How can you participate in Lunar New Year?
Many events take place across the UK to celebrate Lunar New Year, including parties, cooking classes, exhibitions and more. But also, welcome the Lunar New Year into your own home by decorating with red lanterns and paper decorations or a tiger or two.
Why not host your own reunion dinner and bring your family together to share lucky dishes of fish, dumplings, spring rolls and oranges? And be sure to share gifts with your loved ones. Take time for you and your family’s wellbeing and celebrate the majestic nature of the tiger with gifts – Clarins’ Limited Edition Double Serum – created especially for this Lunar New Year, or tiger print beauty accessories or pyjamas.
Read more: Self-care gifts to send
The Lantern Festival falls on 15 February this year and there have been events taking place up and down the country to mark the occasion.

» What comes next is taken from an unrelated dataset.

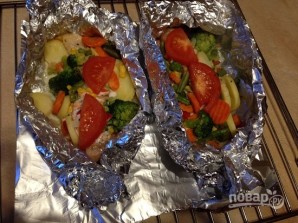 Лосось в духовке с овощами - фото шаг 8
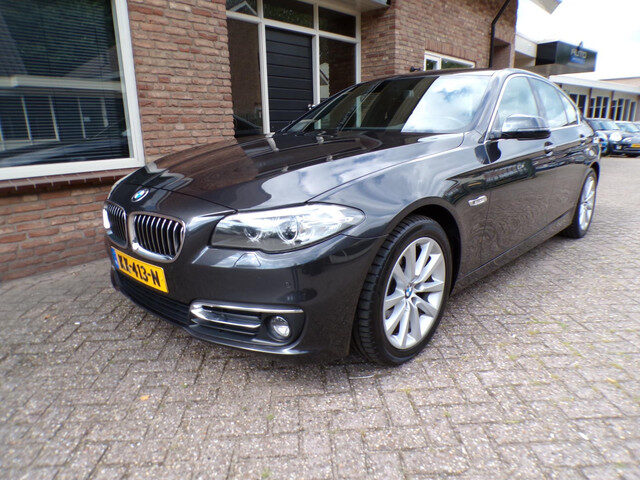 BMW 5 Serie 520i Luxury Edition Automaat / Leder / Navi / Dealeronderhouden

Try delicious rice balls (Tangyuan) the traditional food of the festival and try to solve the riddles you will often find written onto the lanterns themselves. And importantly, let go of the events of the previous 12 months and enter a state of peaceful reconciliation for the new year.
What does it mean to be the year of the tiger?
Every Lunar New Year signals a time for new beginnings and each year in the lunar cycle is associated with an animal: 2022 is the Year of the Tiger. Legend has it that all animals in the Kingdom were challenged to a race by the Jade Emperor – with the winner certain to win much coveted favour in his eyes. Being a strong and powerful beast, the tiger felt confident of his first-place spot but was outwitted by the cunning Rat who jumped onto the mighty Ox so he could leap over the finish line first, pipping both Ox and Tiger to the first-place post.
The year you were born links you to one of the 12 animals who took part in the famous race, and you are said to inherit the characteristics and traits of your animal. Features shared include an ambitious nature and lots of courage, enthusiasm in abundance and a passion for adventure.
Tigers are kind and generous creatures but can be short-tempered and unpredictable. They do not fare well with authority, preferring to choose their path in life than be dictated instructions. So, in 2022, the Tiger’s Year, harness this boldness, but they should remember to keep their egos in check. Embrace the fresh start a new year brings and celebrate the majestic Year of the Tiger.